Little has been publicly revealed by Sinn Féin about how Mr Hampton, who was living in a caravan in Ireland and "of no fixed abode", came to leave at least £1.5m (€1.65m) to the party. He was said to be a Sinn Féin supporter who came from a wealthy family background.
His 1997 will lists Dessie Macking and Joe Cahill - then the party's treasurers - as executors and trustees but Sinn Féin has not outlined how that came about.
The money was intended to "cover election expenses, to fund Sinn Féin offices... and to aid Republican prisoners".
The donation - revealed by Sinn Féin to the UK's Electoral Commission - has sparked huge curiosity about Mr Hampton and why he left so much money to the party linked to the Provisional IRA and its murderous campaign during the Troubles.
Mr Hampton died last year aged 82.
Mr Halloran doesn't know what links Mr Hampton had to the political party.
"I had no inkling that he even knew how to spell Sinn Féin. He didn't come to see me to talk about that. He came to me to talk about being persecuted by accountants."
He said Mr Hampton believed the firm that was dealing with his father's business interests were after him. He wanted Mr Halloran to write a story about it when he approached him in the early 1990s. The journalist described Mr Hampton as a "frail individual" who "lived on his own and moved around a lot".

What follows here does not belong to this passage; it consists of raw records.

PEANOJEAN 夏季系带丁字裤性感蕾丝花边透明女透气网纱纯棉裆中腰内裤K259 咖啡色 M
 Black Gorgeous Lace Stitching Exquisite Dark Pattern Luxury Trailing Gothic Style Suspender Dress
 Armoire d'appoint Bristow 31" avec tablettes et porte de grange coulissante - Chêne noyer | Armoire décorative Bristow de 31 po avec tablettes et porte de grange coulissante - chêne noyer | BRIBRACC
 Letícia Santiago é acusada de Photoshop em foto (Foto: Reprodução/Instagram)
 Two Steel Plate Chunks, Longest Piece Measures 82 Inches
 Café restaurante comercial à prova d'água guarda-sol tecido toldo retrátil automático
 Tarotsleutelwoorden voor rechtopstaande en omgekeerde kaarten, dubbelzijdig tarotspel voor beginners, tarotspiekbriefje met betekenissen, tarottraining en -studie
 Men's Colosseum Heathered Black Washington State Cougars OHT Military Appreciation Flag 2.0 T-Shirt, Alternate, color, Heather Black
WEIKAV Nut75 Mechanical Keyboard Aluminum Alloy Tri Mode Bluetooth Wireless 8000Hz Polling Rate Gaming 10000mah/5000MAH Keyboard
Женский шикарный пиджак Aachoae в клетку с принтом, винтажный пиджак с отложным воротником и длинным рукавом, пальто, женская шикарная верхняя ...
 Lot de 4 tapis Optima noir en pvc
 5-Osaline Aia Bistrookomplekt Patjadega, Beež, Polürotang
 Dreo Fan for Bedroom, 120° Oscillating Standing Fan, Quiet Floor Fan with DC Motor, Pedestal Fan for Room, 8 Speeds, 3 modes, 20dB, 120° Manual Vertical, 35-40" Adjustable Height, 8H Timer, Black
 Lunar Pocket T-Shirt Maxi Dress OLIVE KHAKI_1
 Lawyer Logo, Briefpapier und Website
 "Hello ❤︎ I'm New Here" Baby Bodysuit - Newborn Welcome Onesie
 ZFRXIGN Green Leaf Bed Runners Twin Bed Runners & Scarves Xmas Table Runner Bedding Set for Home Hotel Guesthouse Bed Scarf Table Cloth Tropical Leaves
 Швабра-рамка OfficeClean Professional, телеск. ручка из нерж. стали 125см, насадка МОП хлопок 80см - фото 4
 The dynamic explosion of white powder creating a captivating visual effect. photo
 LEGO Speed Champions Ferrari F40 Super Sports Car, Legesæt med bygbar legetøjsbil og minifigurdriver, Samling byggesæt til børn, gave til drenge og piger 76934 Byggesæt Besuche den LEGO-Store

As it happens Mr Halloran determined there was nothing to the allegations, and the firm was merely trying to pay dividends to Mr Hampton.
They had sporadic phone contact in the years after and Mr Halloran learned he was included in the will when it was sent to him in 1997.
He still has a copy of the letter he tried to send to the mechanic - through his solicitors - to say he didn't want the money.
Mr Halloran told Mr Hampton while he was "honoured" to be included and his offer for funds after his death was "both generous and something that I did nothing to deserve".
He said he hoped Mr Hampton was well and finds the "peace and contentment that you so richly deserve and that you will no longer feel driven to move on so frequently".
Mr Halloran said he couldn't change his benefactor's mind but added "please invest it more wisely by putting it on a horse or buying tickets in the National Lottery.
"At least in your lifetime you may enjoy it rather than you being left with a legacy that you cannot dispose of."
Mr Halloran does not know if Mr Hampton ever got the letter. Either way he was told two months ago Mr Hampton had died and asked where the £1,000 should be sent.
Sinn Féin, meanwhile, is in line for a lot more.
Mr Hampton died in January 2018 at a nursing home in Wales and left an estate of almost £2.6m (€2.9m), which included assets in Ireland, England, Singapore and New Zealand.
He was unmarried and had no children. He is believed to have inherited the fortune from his father Edward who owned a transport business.
The bulk of money was left to Sinn Féin which may get further donations from the will, as there is more than £1m (€1.1m) still unaccounted for.
Sinn Féin's vice-president Michelle O'Neill has rejected suggestions the party needs to be more transparent about the donation. "I understand it's a juicy story but there's nothing to see here," she told the BBC.
Opposition politicians have raised questions about the donation with Fianna Fáil TD Niall Collins calling on Sinn Féin to outline how it happened "in the interests of transparency".
Sinn Féin TD Louise O'Reilly insists, "it's not unusual for people without living relatives to make bequests to organisations".
But she said she can't explain the motivation "because I don't know the man. I never met him".
Sinn Féin didn't respond to questions seeking further details of its links to Mr Hampton.
As for Mr Halloran's take, he says simply: "It's Sinn Féin's good fortune."
He says of Mr Hampton: "He was not a stupid man and he would not be easily led, although he was a very lonely and troubled man.
"He had clear views about what he believed in and he had opinions.
"If he sat down, as he must have done with Sinn Féin, and said this is what I'd like to do, he would have thought that through as best he could."